SECURITIES AND EXCHANGE COMMISSION

Washington, DC 20549

 

FORM 8-K

CURRENT REPORT

Pursuant to Section 13 or 15(d) of the

Securities Exchange Act of 1934

Date of Report (Date of earliest event reported): March 3, 2015

 

Vivint Solar, Inc.

(Exact name of registrant as specified in its charter)

 

 Delaware

(State or other jurisdiction

of incorporation)

001-36642

(Commission

File Number)

45-5605880

(IRS Employer

Identification No.)

 

3301 N. Thanksgiving Way, Suite 500
Lehi, Utah 84043
(Address of principal executive offices, including zip code)

(877) 404-4129
(Registrant’s telephone number, including area code)
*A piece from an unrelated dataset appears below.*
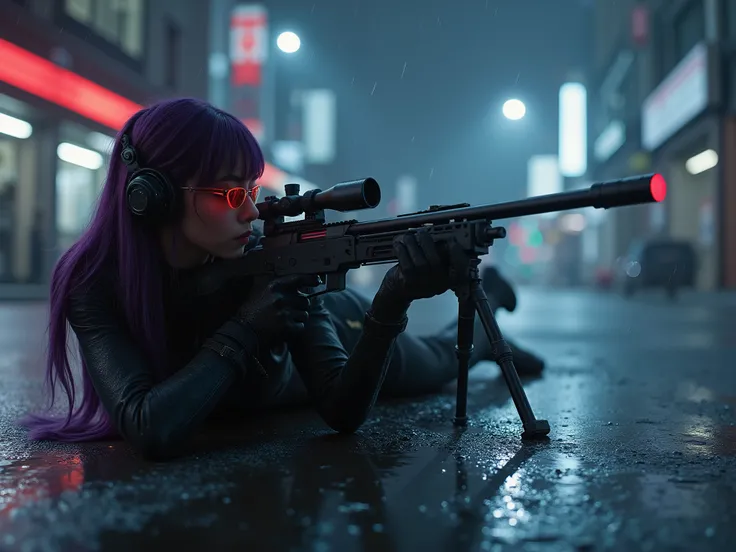 Female Sniper Android Assassin, Midnight 、An urban area with no cars or people under lockdown,White smoke can get in,Aim calmly, (Highest Quality,4K,8k,high resolution,masterpiece:1.2),super detailed,(Realistic,photoRealistic,photo-Realistic:1.37),dramati...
(Former name or former address, if changed since last report)

 

Check the appropriate box below if the Form 8-K filing is intended to simultaneously satisfy the filing obligation of the registrant under any of the following provisions (see General Instruction A.2. below):

¨Written communications pursuant to Rule 425 under the Securities Act (17 CFR 230.425)

¨Soliciting material pursuant to Rule 14a-12 under the Exchange Act (17 CFR 240.14a-12)
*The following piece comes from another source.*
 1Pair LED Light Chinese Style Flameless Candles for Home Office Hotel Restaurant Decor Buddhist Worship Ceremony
¨Pre-commencement communications pursuant to Rule 14d-2(b) under the Exchange Act (17 CFR 240.14d-2(b))

¨Pre-commencement communications pursuant to Rule 13e-4(c) under the Exchange Act (17 CFR 240.13e-4(c))



 

Item  1.01

Entry into a Material Definitive Agreement.

On March 3, 2015, Vivint Solar, Inc. (the “Company”) entered into a credit agreement with certain financial institutions for which Goldman Sachs Lending Partners LLC is acting as administrative agent and collateral agent, under which the Company may from time to time incur up to an aggregate principal amount of $131 million in revolver borrowings (the “Revolving Credit Facility”). Upon the satisfaction of certain conditions, the Company may increase the aggregate amount of the Revolving Credit Facility to $150 million. Loans under the Revolving Credit Facility will be used for the construction and acquisition of solar energy systems, and letters of credit may be issued under the Revolving Credit Facility for working capital and general corporate purposes. The Revolving Credit Facility matures on the fifth anniversary thereof.

 

Borrowings under the Revolving Credit Facility may be designated as Base Rate Loans or Eurodollar Rate Loans, at the option of the Company. Base Rate Loans accrue interest at a rate per year equal to 2.25% plus the highest of (i) the federal funds rate plus 0.5%, (ii) Citibank’s published “prime rate,” and (iii) LIBOR plus 1.0%. Eurodollar Rate Loans accrue interest at a rate per annum equal to 3.25% plus the quotient obtained by dividing (i) LIBOR by (ii) 1.00 minus the reserve percentage then in effect under regulations issued by the Board of Governors of the Federal Reserve System of the United States. The fee for letters of credit is 3.25% per year, and the fee for undrawn commitments is 0.5% per annum.

 

The Company is the borrower under the Revolving Credit Facility. The Company’s obligations under the Revolving Credit Facility are guaranteed by its wholly owned subsidiaries, Vivint Solar Holdings, Inc., Vivint Solar Operations, LLC, Vivint Solar Developer, LLC and Vivint Solar Provider, LLC (collectively, the “Guarantors”). As collateral for the Company’s obligations under the Revolving Credit Facility, the Company and the Guarantors have each pledged the equity interests in the Guarantors. In addition, subject to certain exceptions, the Company and the Guarantors have granted a security interest in all their personal property, intellectual property and cash and cash equivalents, to secure the obligations under the Revolving Credit Facility.

 

The Revolving Credit Facility includes customary restrictive covenants, including meeting certain reporting requirements and restrictions on the Company’s and its subsidiaries ability to incur liens, incur indebtedness, execute certain change of control transactions, business combinations or other fundamental changes to their business, dispose of assets, make certain types of restricted payments or enter into certain related party transactions, in each case subject to customary exceptions and allowances, including with respect to the Company’s investment fund subsidiaries. These restrictions do not impact the Company’s ability to enter into or fund its interests in new investment funds to further fund the acquisition and construction of solar energy systems. In addition, the Company is required to have at least $25 million in cash and cash equivalents at the end of each fiscal quarter which is not subject to any liens, security interests, pledges or other encumbrances (other than any security interests granted under the Revolving Credit Facility).

 

The Revolving Credit Facility also contains certain customary events of default. If an event of default occurs, the lenders under the Revolving Credit Facility will be entitled to take various actions, including the termination of any undrawn commitments and the acceleration of amounts due under the Revolving Credit Facility.

 

Item  2.02

Results of Operations and Financial Condition.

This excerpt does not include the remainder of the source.